Causa bringt Forderungen nach Riedls Rücktritt

„Riedls Geschäfte in der eigenen Gemeinde, die er nicht privat, sondern jederzeit auch zum Wohle der Gemeindekasse und somit der Gemeindebürgerinnen und Gemeindebürger abwickeln hätte können, werfen kein gutes Licht auf die Bürgermeisterinnen und Bürgermeister in Österreich“, meinte Abg. Andreas Kollross, kommunalpolitischer Sprecher der SPÖ und Vorsitzender des Sozialdemokratischen GemeindevertreterInnenverbandes (GVV).

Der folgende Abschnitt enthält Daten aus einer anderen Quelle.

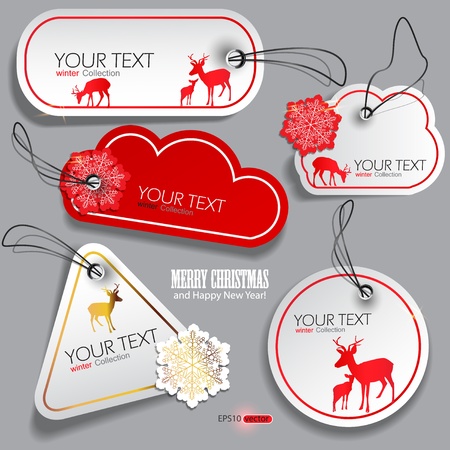 Set of winter bubbles, stickers, labels, tags. Vector  illustrationのイラスト素材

Kollross betonte: „So sind wir nicht“, und legte gleichzeitig dem Gemeindebund-Präsidenten nahe, über das Wochenende darüber nachzudenken, „ob er im Interesse aller Städte und Gemeinden diese Funktion auch noch weiterhin ausüben kann“. Ein „ramponierter“ Gemeindebund-Präsident als Chefverhandler sei „nicht der verlässlichste Partner für die so wichtigen Finanzausgleichsverhandlungen“.

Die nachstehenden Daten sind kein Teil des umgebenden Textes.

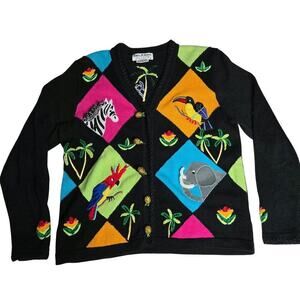 Jack B. Quick Vtg 3D Knit Cardigan M Jungle Motif Beaded Embroidered Granny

Niederösterreichs NEOS-Landesparteivorsitzende Indra Collini sprach in einer Aussendung vom Donnerstag von einer „verheerenden Optik“. Der Gemeindebund-Präsident scheine bei Immobilienspekulationen „kein Amateur zu sein, sondern es zu verstehen, seine Position als Bürgermeister entsprechend auszunutzen. Dieses gewinnbringende Geschäftsmodell für Freunderl und Familie dürfte er schon länger verfolgen“, so Collini. Ihr zufolge werde es Zeit, „dass er die entsprechenden Konsequenzen zieht und seine Ämter zurücklegt“.

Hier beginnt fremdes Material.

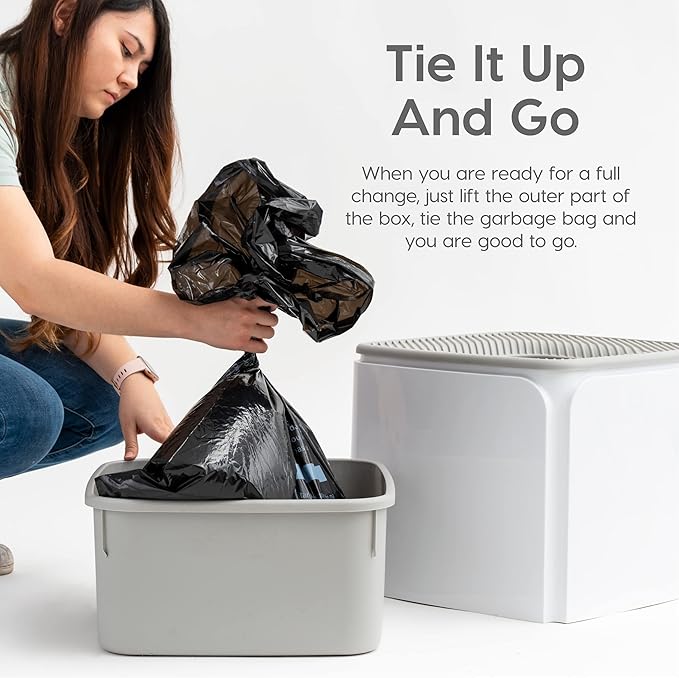 IRIS USA Cat Litter Box Top-Entry Square Top Entry Litter Box with Scoop, Enclosed Litterbox with Odor Control, Dog Proof Covered Litter Box Design, Easy to Clean, White/Gray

Auch Greenpeace forderte den Rücktritt Riedls als Präsident des Gemeindebundes. „Machtmissbrauch und Naturzerstörung gehen in Österreich Hand in Hand“, meinte Olivia Herzog, Biodiversitätsexpertin bei Greenpeace in Österreich. Als „Gipfel der Absurdität“ bezeichnete sie, dass Riedl als Gemeindebund-Chef bisher eine nationale Bodenstrategie blockiere.